33 stars 6 forks source link

Is it possible to run the Docker method if my remote cluster only has cuda 12.1? #14

Closed nickrrose closed 9 months ago

nickrrose commented 9 months ago

I have been trying to do exactly that for a while now, I have limited docker experience, but the issue I keep getting is the following: Could not load library libcudnn_ops_infer.so.8. Error: libcublas.so.11: cannot open shared object file: No such file or directory

I edited the alphafold docker to use 11.2, but I'm not sure if I need to have our administrator download cuda 11.2 to make this work.

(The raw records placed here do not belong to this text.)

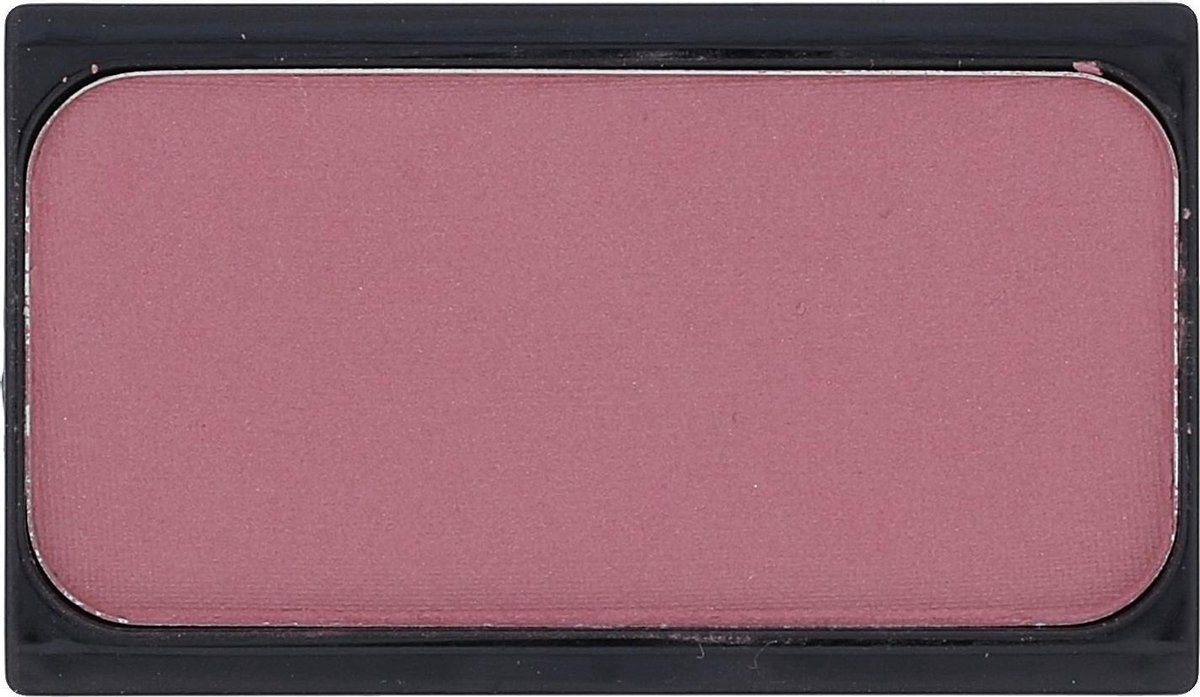 Artdeco 40 - Crown Pink Blusher 5g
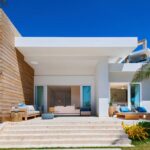 listing image thumbnail with ID 75827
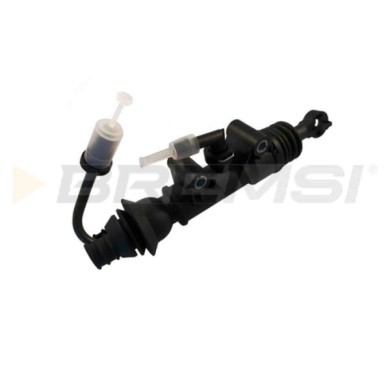 PC0264.jpg Pompa Frizione Fiat Scudo Furgonato Plastica Pc0264 Collegamento A Spina Bremsi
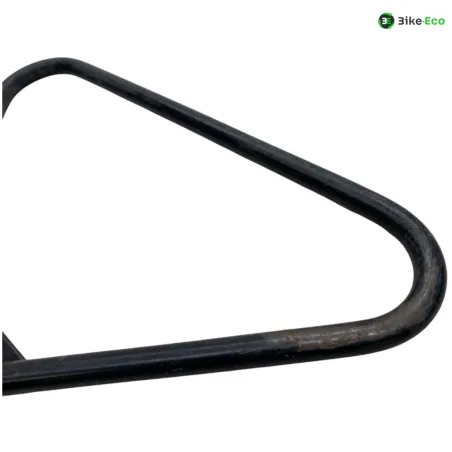 Support avant LIGIER PULSE 3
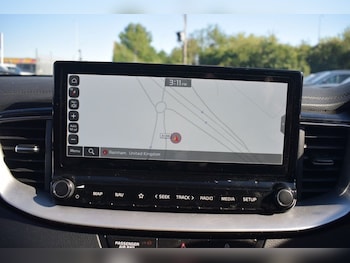 Used Kia Ceed 2022 for sale - 78458057: Photo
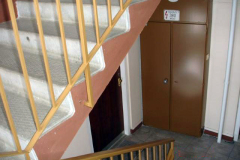 DSC07690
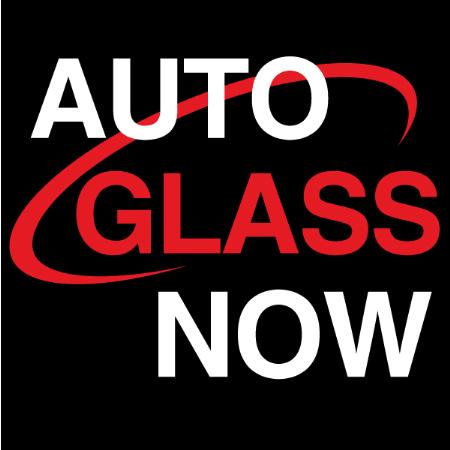 Auto Glass Now - Springfield, MO 65802 - (417)319-1807 | ShowMeLocal.com
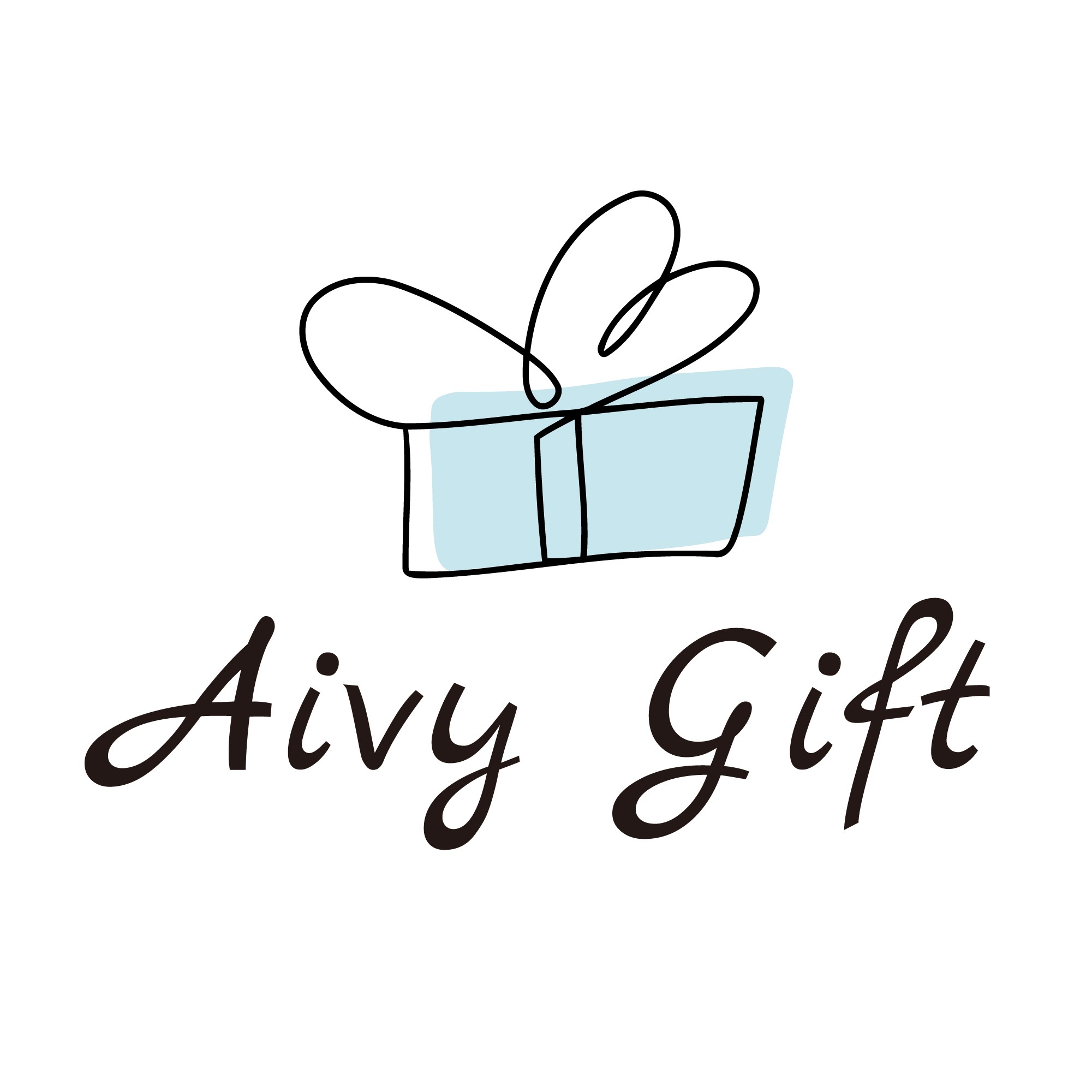 Aivy Gifts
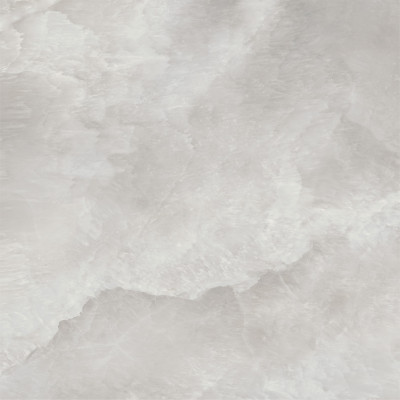 Salt Gray 60x60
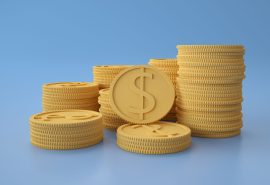 Banco Central de Chile anuncia nuevas monedas de $10 y $50: ¿Cuándo debutan?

rui-yin commented 9 months ago

Hi @nickrrose ,

Are you trying to install the dependencies for TCRmodel using AlphaFold's docker image? If you are trying to set up the environment, it possible to not use Docker. You can install each packages individually using conda, pip, wget (see Option 2: Step-by-Step Installation in the readme file). That way you would be able to have more flexibility, and be able to work with a different cuda version.

Best, Rui

nickrrose commented 9 months ago

Hello! Unfortunately, I am running TCRmodel2 on nodes that can only be accessed through slurm (the only nodes on my remote cluster with GPU) so I don't think downloading the dependancies in a local conda environment will work (unless I am mistaken). As of now, I am currently just trying modify the alphafold docker to run on CUDA 12.1 (which is what is known to work on our nodes) but I am still having a bit of trouble. Thanks for the help though!

If relevant: my specific issue is with the cuda and cudnn libraries not being accessed correctly Could not load library libcudnn_ops_infer.so.8. Error: libcublas.so.11: cannot open shared object file: No such file or directory

rui-yin commented 9 months ago

Understood. Based on what you described, the simplest approach would be to reach out to your cluster administrator for assistance with the CUDA version. They have direct access to the cluster's configuration and are best equipped to offer efficient help in addressing the specific library issues you're encountering. I'm going to close the ticket for now, but please feel free to reopen if you have any additional questions!